A regular chessboard is an 8×8 grid (having 64 squares). If you are given 32 dominos where each domino can cover two squares on the chessboard, you can cover all the squares of the chessboard.
Someone mutilated the chessboard and removed the upper left and lower right corners. The mutilated board has 62 squares. You are given 31 dominos. Can you tile the mutilated chessboard with the 31 dominos?
Let students try to find a way to tile the mutilated board. After a while some of them will claim that it can’t be done. The algorithms we have sketched so far describe how something can be done. If the board can indeed not be tiled, how do we proceed?
One could write a program that systematically generates all possible ways to tile the mutilated board. The number of ways the mutilated chess board can be tiled is finite, but it is a large number. If the program fails to find a possible tiling, we can conclude none exists.
However, we can show that no tiling exists by a direct proof.
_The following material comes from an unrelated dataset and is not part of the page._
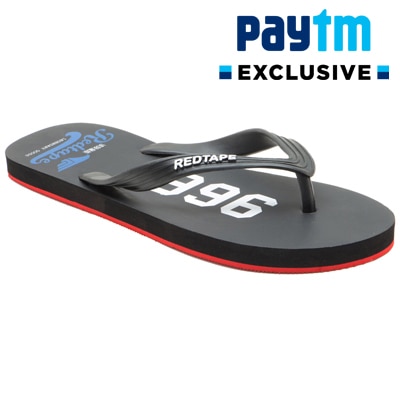 Red Tape Black Men's Casual Flip Flop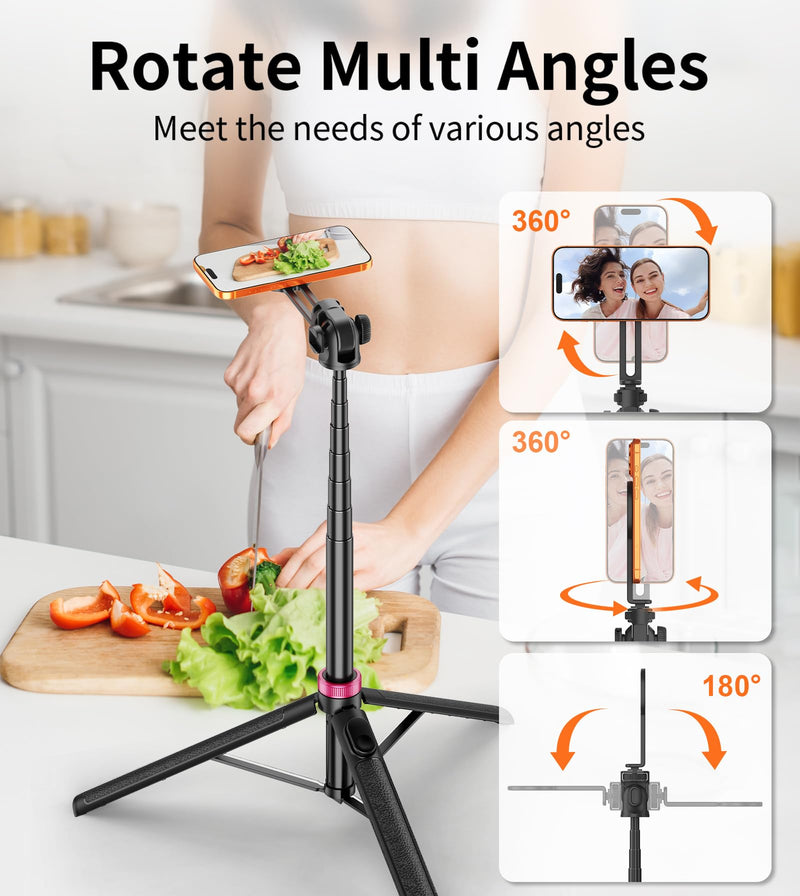 [AUSTRALIA] - 69" Magnetic Phone Tripod with Phone Clamp,Selfie Stick Monopod for Magsafe with Remote & Phone Mount Adapter,Portable Tripod for iPhone/Android,Digital Camera Accessory Kits,Photo,Vlogging,Travel 69 in Black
This means that a program checking all possible tilings would not find one.
Here is the argument:
A tile placed on the chessboard will always cover one white square and one black square. Therefore, a collection of tiles placed on the board will cover equal numbers squares of each color. The mutilated board has two white squares removed and it thus has 30 white squares and 32 black squares. If every tile covers one black and one white square and we have more white squares, we can conclude that the mutilated board cannot be tiled. If the two black corners are removed instead, then 32 white squares and 30 black squares remain, so it is again impossible.
We can tile a mutilated board only if one white and one black corner are removed (but the problem said corners on opposite sides of a diagonal were removed). Wikipedia has a nice description of this problem – http://en.wikipedia.org/wiki/Mutilated_chessboard_problem.
Another chessboard tiling puzzle
Remove from the regular 8 by 8 chessboard one square (you choose the square). You are given 21 tiles where each tile is L-shaped and is made up by 3 squares. Can we cover the mutilated chessboard so that all squares except the deleted one are covered and no L-shaped tiles overlap?
No matter where the deleted square is on the board, we can always tile using the 21 l-shaped tiles. A recursive argument provides a simple way to prove this.
Hard to find, but easy to check?
For many puzzles, finding the solution is hard, but once you are given a solution, it is easy to check that it is indeed one. Convincing someone that no solution exists is generally also hard. The characteristics of puzzles and other problems of “easy to check but hard to find” play a crucial role in algorithm design and analysis.